Sulfur Dioxide Monitoring Aligned with New National Standards
By Wendy Osher
The state Department of Health has revised its sulfur dioxide advisory levels. The revisions were made to align state monitoring with new national standards and to better protect people with asthma.
Sulfur dioxide levels in Hawaii increase when gas is emitted from the Kilauea volcano. The emissions are an irritant to those with asthma and other respiratory ailments.
The public can obtain near-time information on SO2 levels online at http://www.hiso2index.info/. Monitoring is conducted in Pahala, Ocean View, Hilo, Mountain View, Puna, and Kona on the Big Island. The effect of sulfur dioxide on communities varies widely depending on wind and weather conditions.

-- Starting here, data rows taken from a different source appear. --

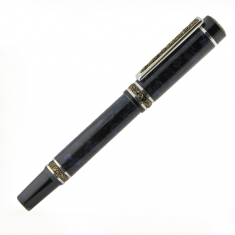Cambridge™ Rollerball - Titanium Gold Accents with Silver Cambridge™ Rollerball - Titanium Gold Accents with Silver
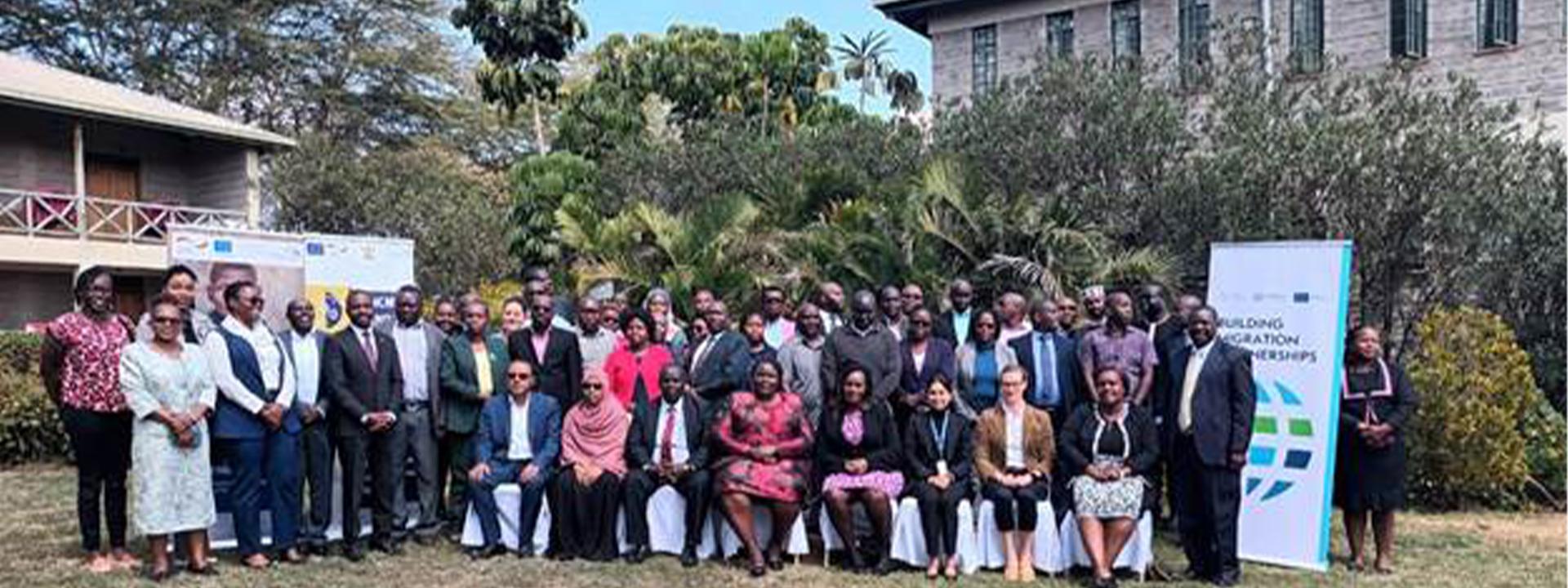 IGAD Launches Kenya Consultation Forum on National Coordination Mechanism for Migration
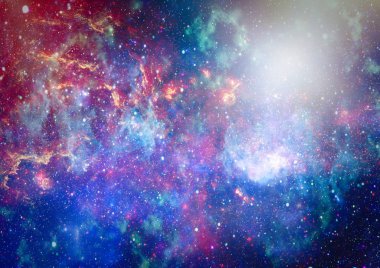 Galaksi - NASA tarafından desteklenen bu resmin elementleri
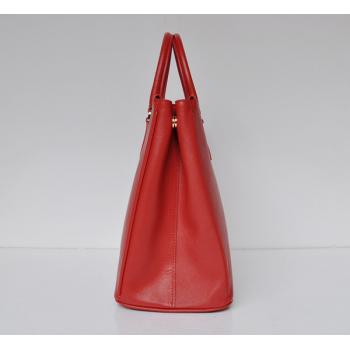 Prada  1786 Ladies Cow Leather Red Bag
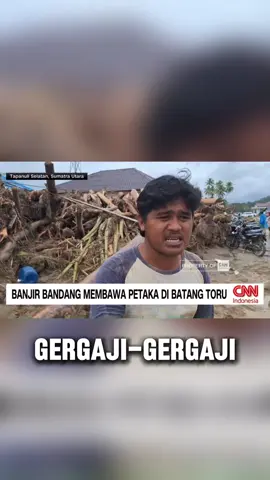 Banjir di Aceh dan Sumatera karena ulah tangan manusia itu sendiri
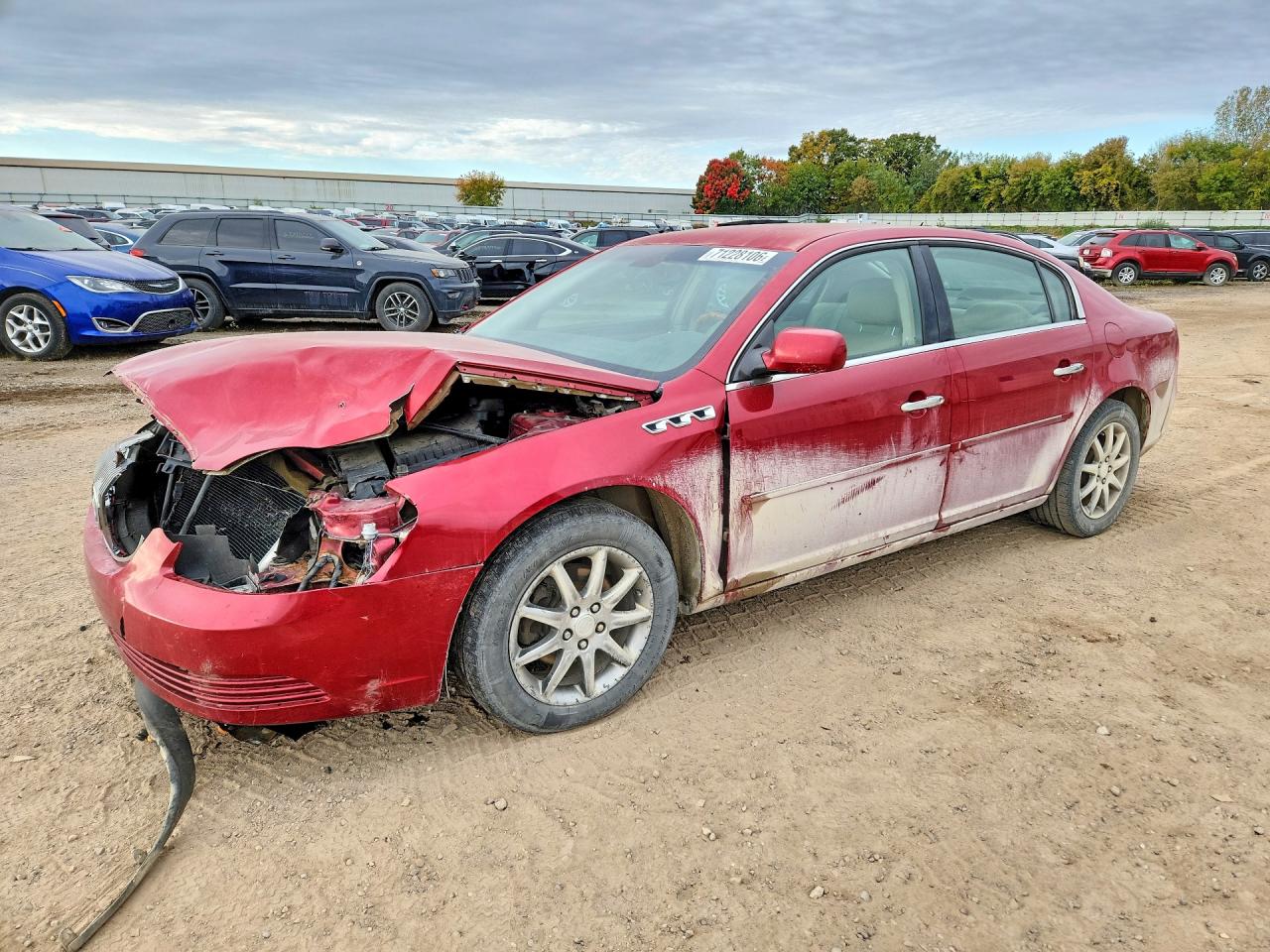 2008 BUICK LUCERNE CXL | 1G4HD57298U179103 | UPCARS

The Environmental Protection Agency’s new 1-hour sulfur dioxide (SO2) standard is 75 ppb. Hawaii’s color-coded monitoring system was developed in 2008 to make it easier for people to understand quickly whether sulfur dioxide is reaching unhealthy levels in their communities. The six colors correspond to different levels of health concern ranging from “good” to “hazardous”. Based on updated health effects and information from the EPA, the DOH is revising the SO2 advisory levels for the Green-“Good,” Yellow –“Moderate” and Orange-“Unhealthy for Sensitive Individuals.”
“We still caution the public to rely on how they personally respond to SO2 in the air and not just on the DOH air monitors to make decisions,” said Gary Gill, Deputy Director for Environmental Health.